PBI is associated with high morbidity and mortality. Radiological exploration should be performed rapidly, when possible, without delaying resuscitation. Nevertheless, surgery is not always indicated. In Jael’s syndrome, “inline” removal is preferable.

Authors’ contributions

Dr. Malak El Marrakchi: Literature search, manuscript preparation, editing, and review. Dr. Nahla Zian: Literature search. Dr. Meryem Ait Benali: literature search. Pr. Farouk Hajhouji: manuscript review. Pr. Said Ait Benali: a manuscript review.

Ethical approval

Institutional Review Board approval is not required.

Declaration of patient consent

The authors certify that they have obtained all appropriate patient consent.
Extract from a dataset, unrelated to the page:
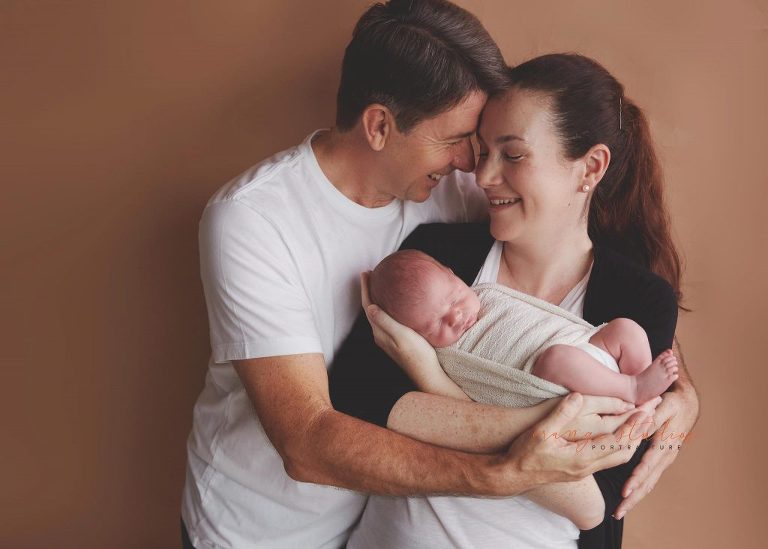 11 days old baby boy newborn portraits with parents in singapore studio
Financial support and sponsorship

Nil.

Conflicts of interest

There are no conflicts of interest.

Use of artificial intelligence (AI)-assisted technology for manuscript preparation

The authors confirm that there was no use of artificial intelligence (AI)-assisted technology for assisting in the writing or editing of the manuscript and no images were manipulated using AI.

Disclaimer

The views and opinions expressed in this article are those of the authors and do not necessarily reflect the official policy or position of the Journal or its management. The information contained in this article should not be considered to be medical advice; patients should consult their own physicians for advice as to their specific medical needs.